Cloud resource management for deep learning applications.

Project description

Cloud Utilities for Deep Learning ⛅️

A super lightweight cloud management tool designed with deep learning applications in mind.

Built with the belief that managing cloud resources should be as easy as:

import cloud

cloud.connect()
train_my_network()
cloud.down()

We welcome all contributions, suggestions, and use-cases. Reach out to us over GitHub or at team@for.ai with ideas!

Contents

Quickstart

Install:

Sort of stable:

sudo pip install dl-cloud

Bleeding edge:

git clone git@github.com:for-ai/cloud.git
sudo pip install -e cloud

Config:

See configs/cloud.toml-* for instructions on how to authenticate for each provider (Google Cloud, AWS EC2, and Azure).
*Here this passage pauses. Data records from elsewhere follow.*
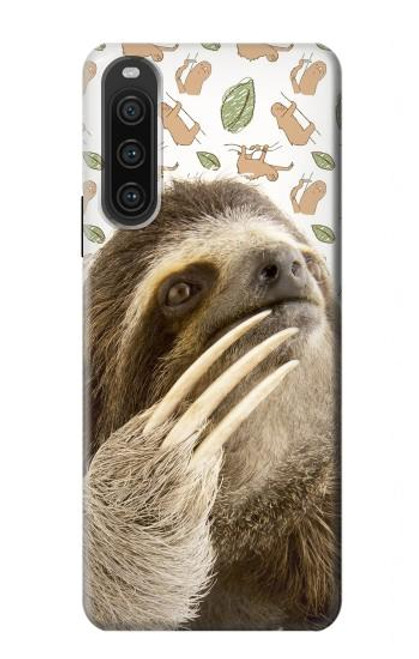 W3559 Sloth Pattern Hülle Schutzhülle Taschen und Leder Flip für Sony Xperia 10 V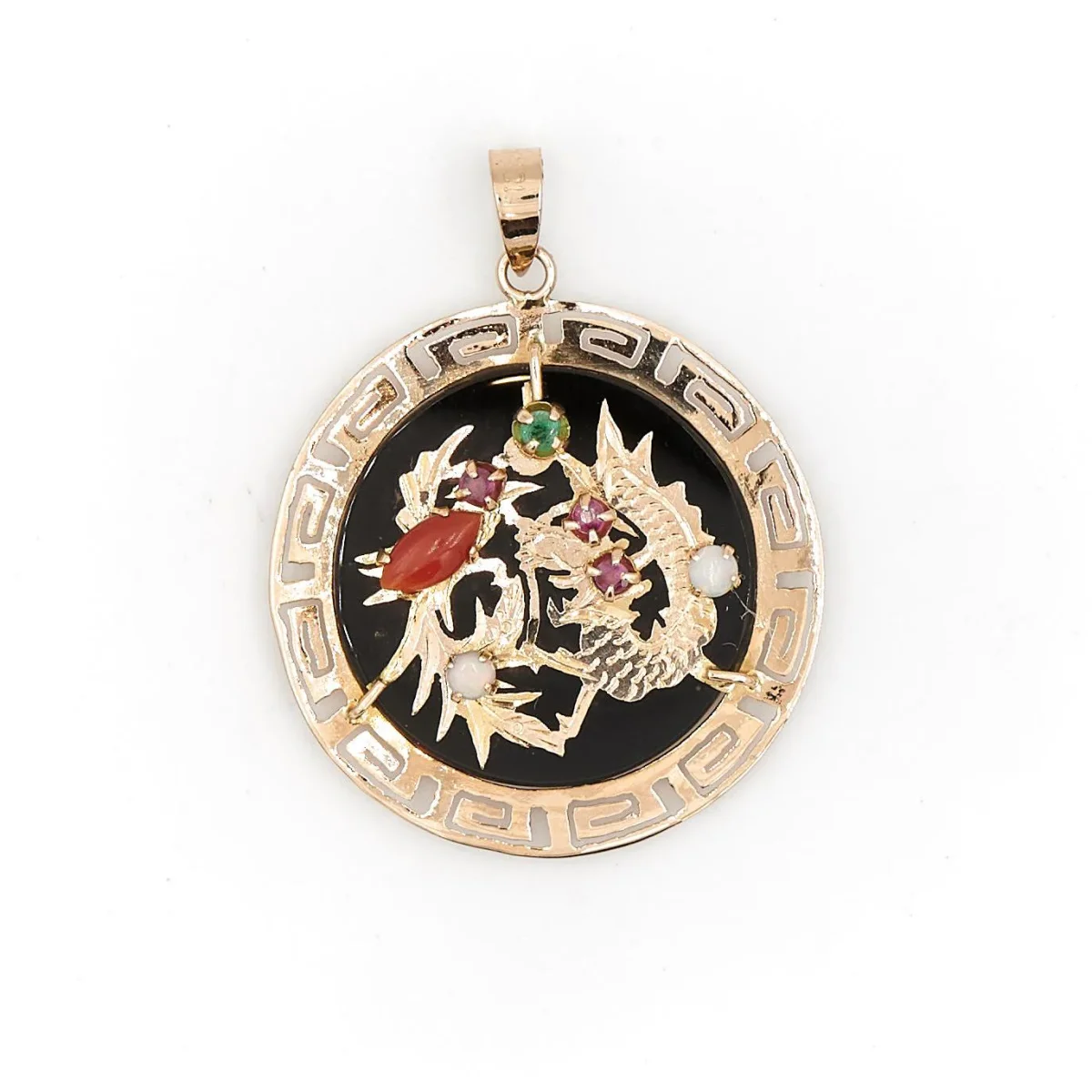 Pendentif Or jaune Rubis, Cornaline, Opale – Image 2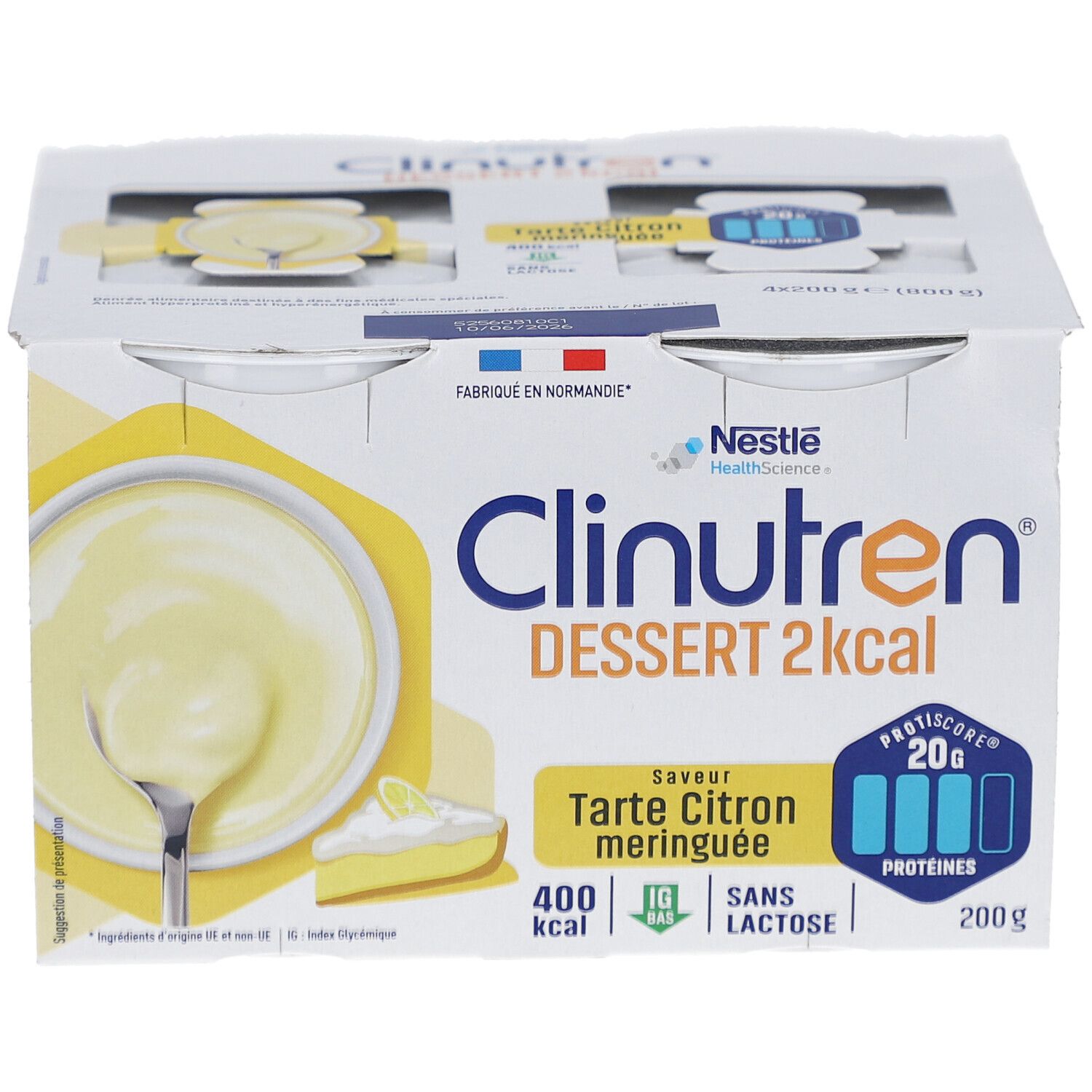 Emballage de quatre pots Clinutren Dessert 2kcal. Saveur Tarte Citron meringuée. Contient 20g de protéines. 400 kcal. Sans lactose.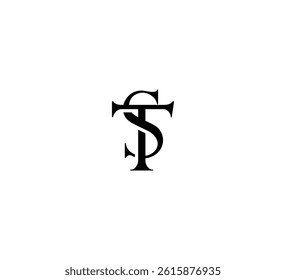 Initial Letter Logo. Logotype design. Simple Luxury Black on White Background Flat Vector ST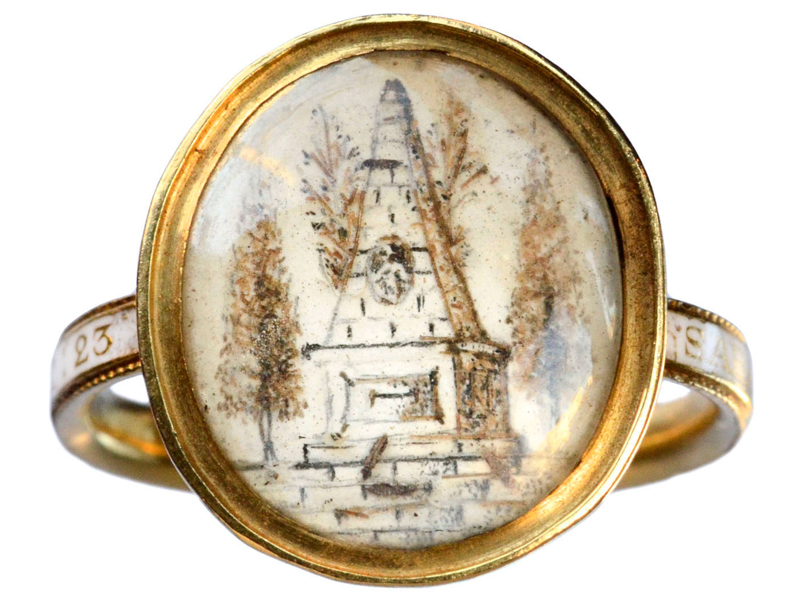 Georgian Mourning Ring, 1772, sepia ink, hair, crystal, 18-karat gold, white enamel, 16 x 14.5 mm, photo: Erie Basin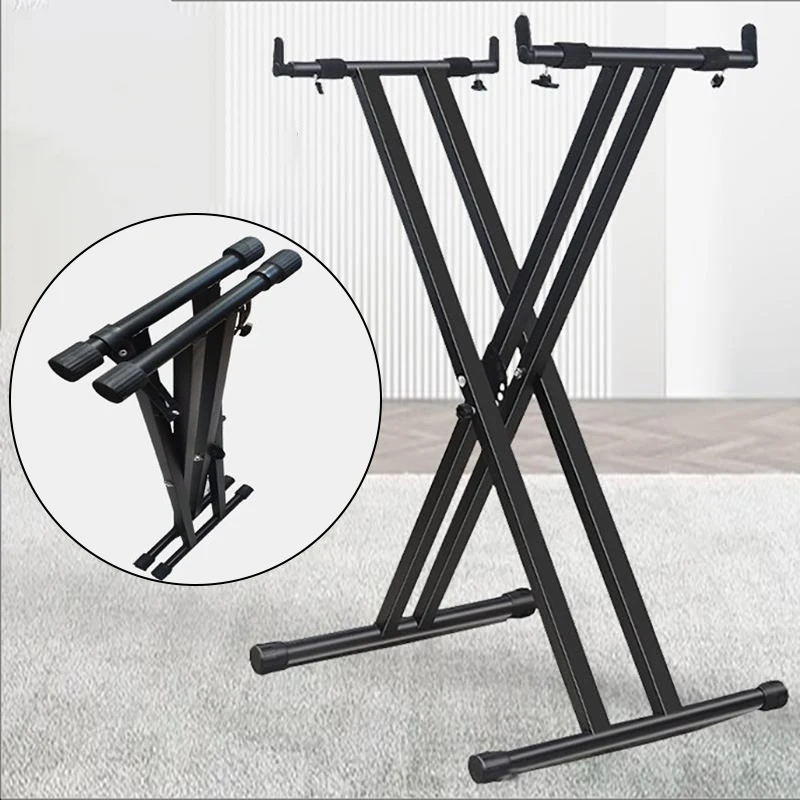 88/61 Keys X-type Electronic Organ Stand 6-speed Adjustment Electric Piano Holders Thickened Folding Keyboard Instruments Stand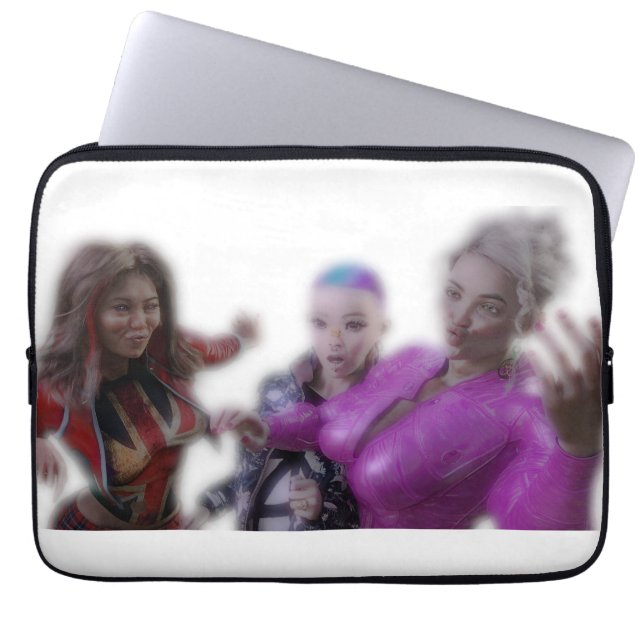 Drei lustige Damen Laptopschutzhülle (Vorderseite)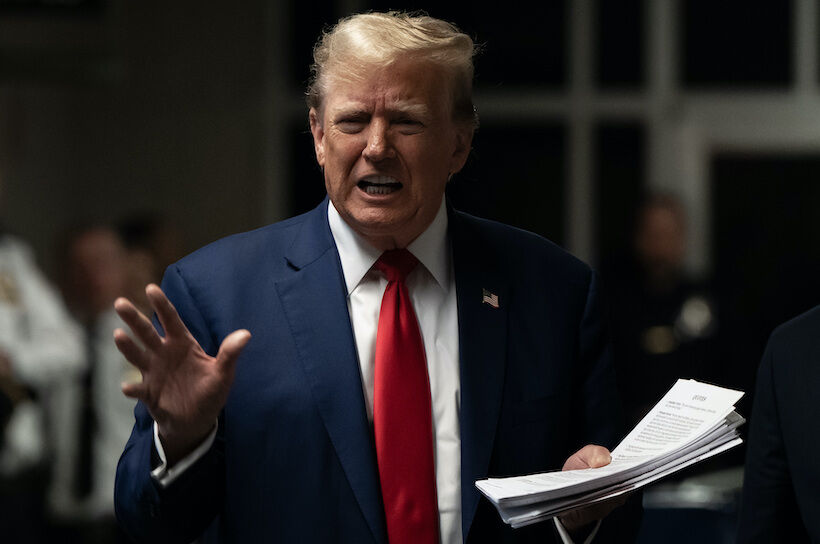 May 10, 2024; New York, NY, USA; Former US President Donald Trump speaks to reporters after the day’s proceedings in his criminal trial at Manhattan criminal court. Mandatory Credit: Todd Heisler/Pool via USA TODAY NETWORK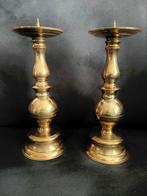 2x grote 30 cm H zware kandaars koper messing bijna gratis, Ophalen of Verzenden, Koper of Brons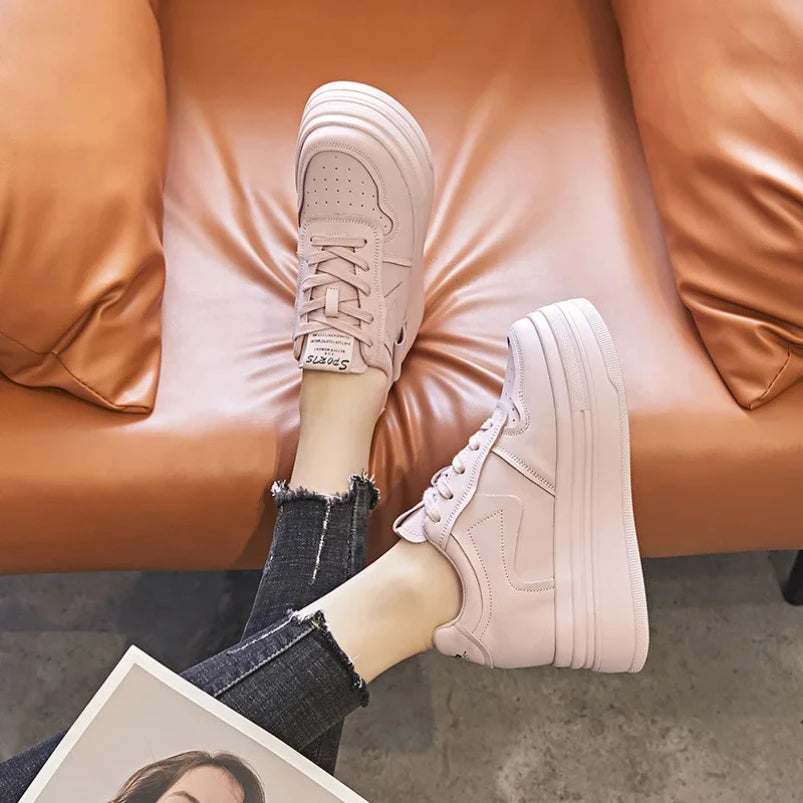 Baskets compensées à plateforme en cuir véritable pour femmes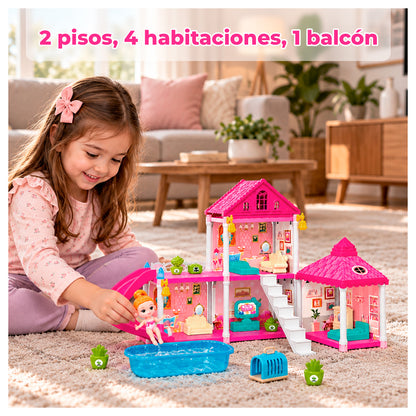 Casa de Muñecas 2 Pisos con Tobogán y Piscina 106 Piezas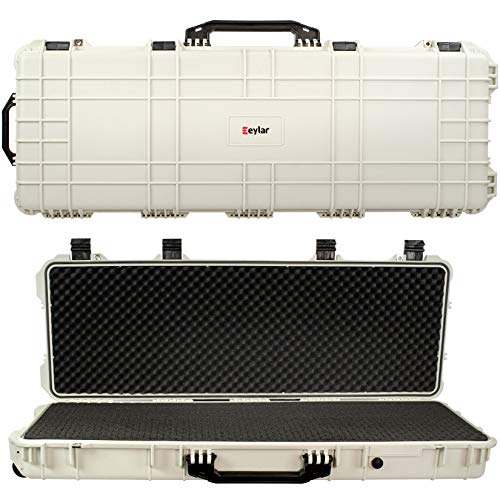 Eylar Protective Roller Tactical Rifle Hard Case with Foam, Mil-Spec Waterproof & Crushproof, Two Rifles Or Multiple Guns, Pressure Valve with Lockable Fittings Polar White (53" Inch)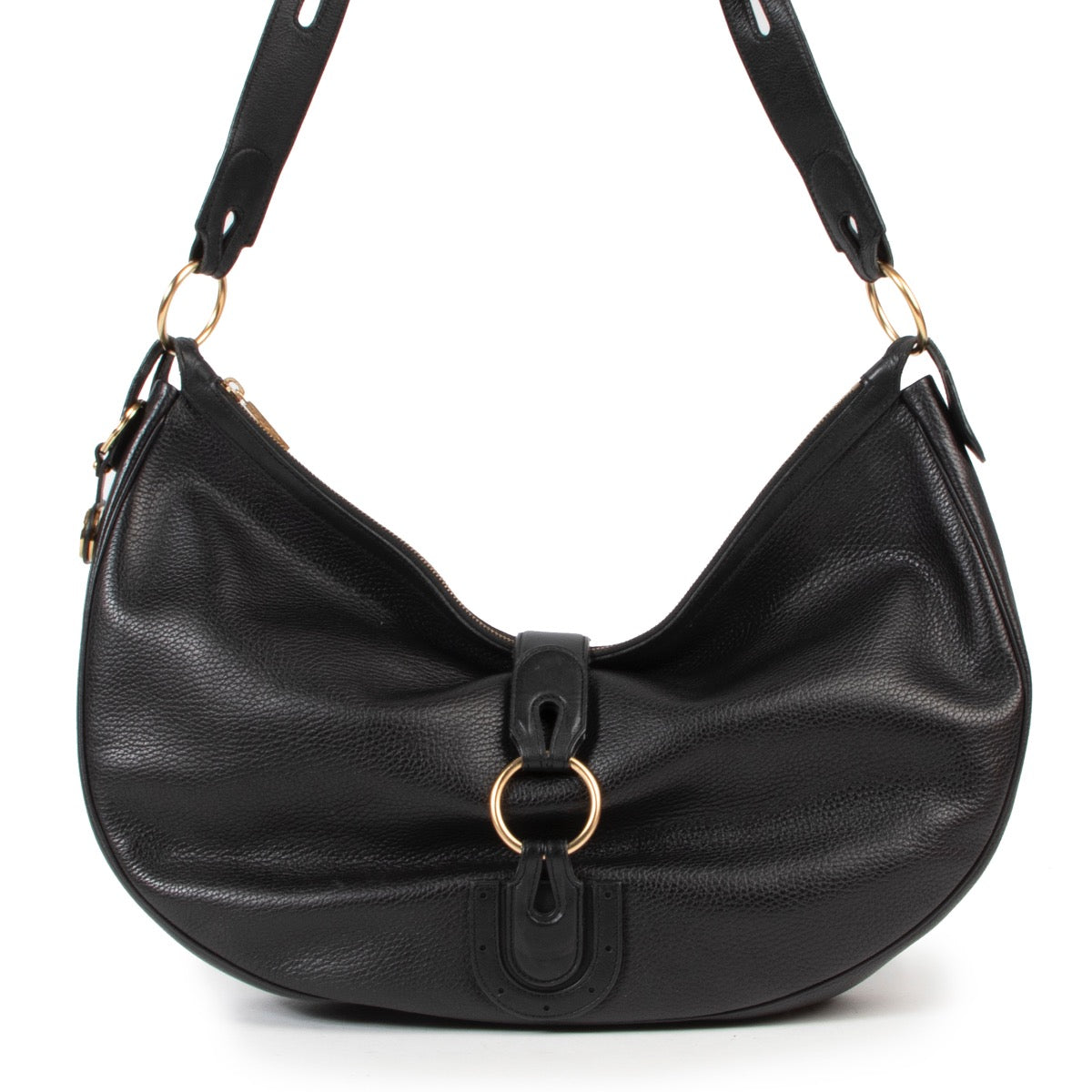 Shop safe online authentic Delvaux Black Camille Shoulder Bag at Labellov.com.
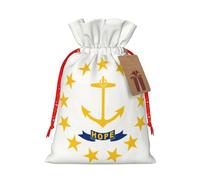 YKJJFVZ Rhode Island State Flag Print Versátil Cordón Bolsas de regalo de Navidad, material de arpillera, bolsas de regalo de Navidad, bolsas de caramelos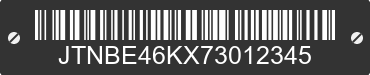 2007 TOYOTA Camry JTNBE46KX73012345 VIN decoded
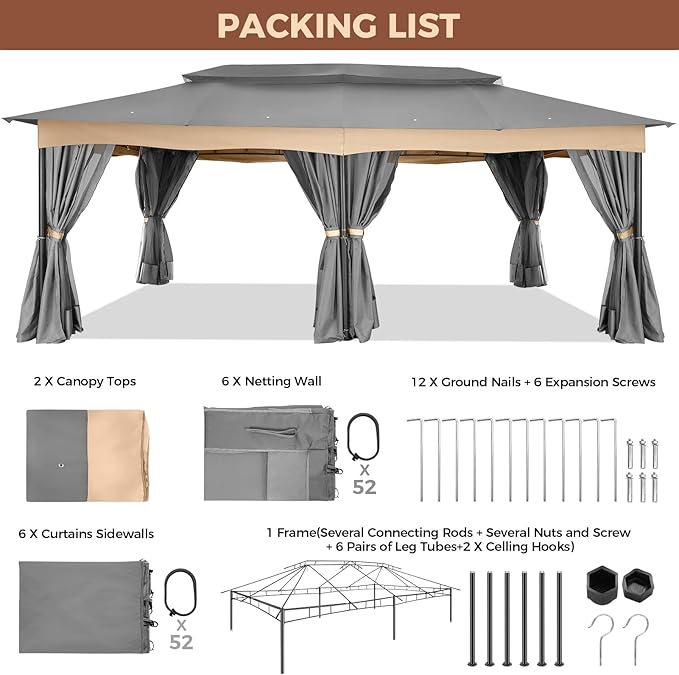 COBIZI Gazebo 12x20 Heavy Duty Gazebos with Curtain and Netting Outdoor Gazebo Canopy Double Roof Patio Gazebos with Metal Steel Frame for Patio, Garden, Backyard (Gray)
Place your completed configuration file (named cloud.toml) in either root / or $HOME. Otherwise, provide a full path to the file in $CLOUD_CFG.

Usage:

GPU

import cloud
cloud.connect()

# gpu instances have a dedicated GPU so we don't need to worry
# about preemption or acquiring/releasing accelerators online.

while True:
  # train your model or w/e

cloud.down()  # stop the instance (does not delete instance)

TPU (Only on GCP)

import cloud
cloud.connect()

tpu = cloud.instance.tpu.get(preemptible=True)  # acquire an accelerator
while True:
  if not tpu.usable:
    tpu.delete(background=True)  # release the accelerator in the background
    tpu = cloud.instance.tpu.get(preemptible=True)  # acquire a new accelerator
  else:
    # train your model or w/e

cloud.down()  # release all resources, then stop the instance (does not delete instance)

Documentation

cloud.connect()

Takes/Creates a cloud.Instance object and sets cloud.instance to it.

returns desc.
cloud_env a cloud.Instance.

cloud.down()

Calls cloud.instance.down().

cloud.delete(confirm=True)

Calls cloud.instance.delete(confirm).

cloud.Resource

Takes/Creates a cloud.Instance object and sets cloud.instance to it.

properties desc.
name str, name of the instance
usable bool, whether this resource is usable
methods desc.
up(background=False) start an existing stopped resource
down(background=False) stop the resource. Note: this should not necessarily delete this resource
delete(background=False) delete this resource

cloud.Instance(Resource)

An object representing a cloud instance with a set of Resources that can be allocated/deallocated.

properties desc.
resource_managers list of ResourceManagers
methods desc.
down(background=False, delete_resources=True) stop this instance and optionally delete all managed resources
delete(background=False, confirm=True) delete this instance with optional user confirmation

cloud.ResourceManager

Class for managing the creation and maintanence of cloud.Resources.

properties desc.
instance cloud.Instance instance owning this resource manager
resource_cls cloud.Resource type, the class of the resource to be managed
resources list of cloud.Resources, managed resources
methods desc.
__init__(instance, resource_cls) instance: the cloud.Instance object operating this ResourceManager
resource_cls : the cloud.Resource class this object manages
add(*args, **kwargs) add an existing resource to this manager
remove(*args, **kwargs) remove an existing resource from this manager

Amazon EC2

cloud.AWSInstance(Instance)

A cloud.Instance object for AWS EC2 instances.

Azure

cloud.AzureInstance(Instance)

A cloud.Instance object for Microsoft Azure instances.

Google Cloud

Our GCPInstance requires that your instances have gcloud installed and properly authenticated so that gcloud alpha compute tpus create test_name runs without issue.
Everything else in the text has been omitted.